─── GIVEN ENTRIES

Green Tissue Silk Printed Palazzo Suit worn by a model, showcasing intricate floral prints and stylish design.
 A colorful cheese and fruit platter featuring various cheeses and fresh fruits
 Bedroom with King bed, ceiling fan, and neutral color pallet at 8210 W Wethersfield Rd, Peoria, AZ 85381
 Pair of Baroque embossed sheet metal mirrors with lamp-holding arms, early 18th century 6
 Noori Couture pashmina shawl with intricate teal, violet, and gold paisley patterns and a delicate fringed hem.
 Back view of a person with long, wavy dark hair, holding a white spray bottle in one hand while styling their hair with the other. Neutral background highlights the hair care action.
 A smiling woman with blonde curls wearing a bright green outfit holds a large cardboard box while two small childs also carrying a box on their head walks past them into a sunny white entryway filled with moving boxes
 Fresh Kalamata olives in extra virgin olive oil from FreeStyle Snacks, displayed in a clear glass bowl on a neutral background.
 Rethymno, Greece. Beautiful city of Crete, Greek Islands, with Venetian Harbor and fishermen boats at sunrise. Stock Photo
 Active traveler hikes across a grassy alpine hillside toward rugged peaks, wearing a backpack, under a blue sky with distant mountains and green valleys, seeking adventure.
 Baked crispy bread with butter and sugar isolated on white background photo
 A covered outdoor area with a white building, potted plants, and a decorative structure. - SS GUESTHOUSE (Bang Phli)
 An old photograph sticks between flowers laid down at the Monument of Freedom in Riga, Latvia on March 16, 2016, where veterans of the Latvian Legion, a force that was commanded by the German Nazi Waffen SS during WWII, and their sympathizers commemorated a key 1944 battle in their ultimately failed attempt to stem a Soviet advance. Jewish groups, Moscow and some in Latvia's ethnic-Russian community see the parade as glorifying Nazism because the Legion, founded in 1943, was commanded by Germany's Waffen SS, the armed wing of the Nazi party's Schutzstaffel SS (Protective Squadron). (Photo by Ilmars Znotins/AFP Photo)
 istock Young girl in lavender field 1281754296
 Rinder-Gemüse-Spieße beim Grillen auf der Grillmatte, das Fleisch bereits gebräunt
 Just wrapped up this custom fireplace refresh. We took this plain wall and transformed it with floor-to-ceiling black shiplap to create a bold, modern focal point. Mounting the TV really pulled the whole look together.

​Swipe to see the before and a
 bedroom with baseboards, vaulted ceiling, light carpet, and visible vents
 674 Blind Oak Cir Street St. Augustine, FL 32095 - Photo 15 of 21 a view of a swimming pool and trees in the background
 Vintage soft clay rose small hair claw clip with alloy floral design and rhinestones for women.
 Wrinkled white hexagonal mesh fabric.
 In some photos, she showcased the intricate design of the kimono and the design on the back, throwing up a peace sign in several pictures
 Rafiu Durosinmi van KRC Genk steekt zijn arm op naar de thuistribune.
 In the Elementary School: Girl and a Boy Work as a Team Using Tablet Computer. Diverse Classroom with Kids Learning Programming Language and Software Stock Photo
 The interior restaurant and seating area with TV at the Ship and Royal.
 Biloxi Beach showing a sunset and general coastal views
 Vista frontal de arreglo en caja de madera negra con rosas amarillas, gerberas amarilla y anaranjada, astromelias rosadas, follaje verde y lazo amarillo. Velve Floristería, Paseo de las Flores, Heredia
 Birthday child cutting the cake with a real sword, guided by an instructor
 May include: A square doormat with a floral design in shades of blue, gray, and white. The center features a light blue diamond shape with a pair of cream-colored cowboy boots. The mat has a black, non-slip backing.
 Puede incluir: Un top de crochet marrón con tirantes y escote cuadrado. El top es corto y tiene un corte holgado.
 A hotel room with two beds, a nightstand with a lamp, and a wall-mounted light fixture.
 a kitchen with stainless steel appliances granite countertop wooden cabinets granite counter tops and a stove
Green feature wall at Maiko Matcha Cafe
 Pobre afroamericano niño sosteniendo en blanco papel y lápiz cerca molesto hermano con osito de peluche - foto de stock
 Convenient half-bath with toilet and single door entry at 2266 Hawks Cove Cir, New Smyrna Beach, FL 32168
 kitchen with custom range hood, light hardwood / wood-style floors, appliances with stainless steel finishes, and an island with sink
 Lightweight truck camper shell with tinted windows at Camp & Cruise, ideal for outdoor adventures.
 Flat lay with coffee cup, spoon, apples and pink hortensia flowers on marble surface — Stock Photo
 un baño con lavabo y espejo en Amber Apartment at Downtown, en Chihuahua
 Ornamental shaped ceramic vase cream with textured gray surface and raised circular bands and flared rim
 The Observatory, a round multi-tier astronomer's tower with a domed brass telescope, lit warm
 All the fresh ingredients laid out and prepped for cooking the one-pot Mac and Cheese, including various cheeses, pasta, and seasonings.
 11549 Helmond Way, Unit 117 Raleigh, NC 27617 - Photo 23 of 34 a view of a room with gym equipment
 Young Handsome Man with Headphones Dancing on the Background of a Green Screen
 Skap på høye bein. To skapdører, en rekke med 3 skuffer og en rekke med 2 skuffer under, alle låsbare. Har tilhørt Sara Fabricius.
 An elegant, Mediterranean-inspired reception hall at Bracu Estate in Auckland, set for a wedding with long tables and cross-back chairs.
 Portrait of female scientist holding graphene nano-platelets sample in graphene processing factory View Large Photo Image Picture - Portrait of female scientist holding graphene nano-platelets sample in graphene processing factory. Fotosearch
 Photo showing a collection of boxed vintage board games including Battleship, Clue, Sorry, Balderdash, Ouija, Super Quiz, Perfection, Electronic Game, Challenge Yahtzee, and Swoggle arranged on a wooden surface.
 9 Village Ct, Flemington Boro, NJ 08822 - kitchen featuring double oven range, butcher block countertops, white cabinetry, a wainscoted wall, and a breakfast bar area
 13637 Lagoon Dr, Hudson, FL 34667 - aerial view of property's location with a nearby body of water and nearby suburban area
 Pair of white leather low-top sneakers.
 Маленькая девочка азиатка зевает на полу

──────

TASK GOAL: Output should match, line for line, the stretch of the material above from the line holding "A hotel room" through the line holding "processing factory. Fotosearch".

PROBLEM SOLUTION:
 A hotel room with two beds, a nightstand with a lamp, and a wall-mounted light fixture.
 a kitchen with stainless steel appliances granite countertop wooden cabinets granite counter tops and a stove
Green feature wall at Maiko Matcha Cafe
 Pobre afroamericano niño sosteniendo en blanco papel y lápiz cerca molesto hermano con osito de peluche - foto de stock
 Convenient half-bath with toilet and single door entry at 2266 Hawks Cove Cir, New Smyrna Beach, FL 32168
 kitchen with custom range hood, light hardwood / wood-style floors, appliances with stainless steel finishes, and an island with sink
 Lightweight truck camper shell with tinted windows at Camp & Cruise, ideal for outdoor adventures.
 Flat lay with coffee cup, spoon, apples and pink hortensia flowers on marble surface — Stock Photo
 un baño con lavabo y espejo en Amber Apartment at Downtown, en Chihuahua
 Ornamental shaped ceramic vase cream with textured gray surface and raised circular bands and flared rim
 The Observatory, a round multi-tier astronomer's tower with a domed brass telescope, lit warm
 All the fresh ingredients laid out and prepped for cooking the one-pot Mac and Cheese, including various cheeses, pasta, and seasonings.
 11549 Helmond Way, Unit 117 Raleigh, NC 27617 - Photo 23 of 34 a view of a room with gym equipment
 Young Handsome Man with Headphones Dancing on the Background of a Green Screen
 Skap på høye bein. To skapdører, en rekke med 3 skuffer og en rekke med 2 skuffer under, alle låsbare. Har tilhørt Sara Fabricius.
 An elegant, Mediterranean-inspired reception hall at Bracu Estate in Auckland, set for a wedding with long tables and cross-back chairs.
 Portrait of female scientist holding graphene nano-platelets sample in graphene processing factory View Large Photo Image Picture - Portrait of female scientist holding graphene nano-platelets sample in graphene processing factory. Fotosearch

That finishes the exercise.